* **EXERCISE OBJECTIVE**
Although the data below holds other lines too, output only those from the line with "Схема запчастей Volvo" up to and including the line with "Blusa Ann Taylor", exactly as they appear.

* **GIVEN ENTRIES**

------------------------------------------------

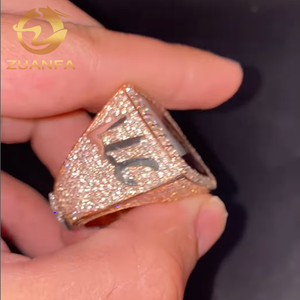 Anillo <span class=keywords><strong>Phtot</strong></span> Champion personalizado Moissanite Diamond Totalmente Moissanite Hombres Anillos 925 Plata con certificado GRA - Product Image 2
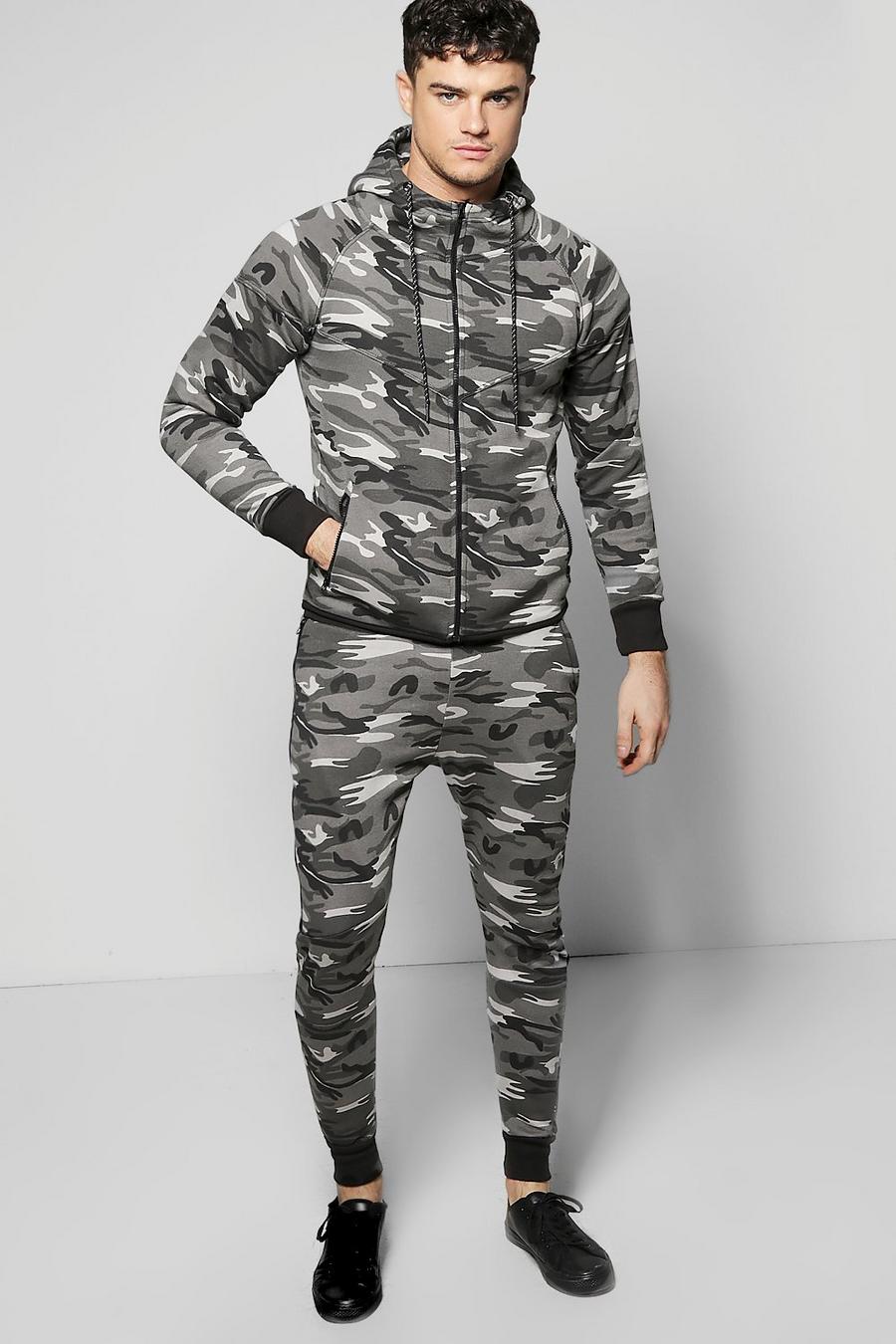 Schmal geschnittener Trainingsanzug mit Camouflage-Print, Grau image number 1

------------------------------------------------

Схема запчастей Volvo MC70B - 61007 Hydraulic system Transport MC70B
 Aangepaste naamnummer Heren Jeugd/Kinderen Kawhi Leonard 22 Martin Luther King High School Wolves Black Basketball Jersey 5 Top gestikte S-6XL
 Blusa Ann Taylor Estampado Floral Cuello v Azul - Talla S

------------------------------------------------

* **RESPONSE TO THE EXERCISE**
Схема запчастей Volvo MC70B - 61007 Hydraulic system Transport MC70B
 Aangepaste naamnummer Heren Jeugd/Kinderen Kawhi Leonard 22 Martin Luther King High School Wolves Black Basketball Jersey 5 Top gestikte S-6XL
 Blusa Ann Taylor Estampado Floral Cuello v Azul - Talla S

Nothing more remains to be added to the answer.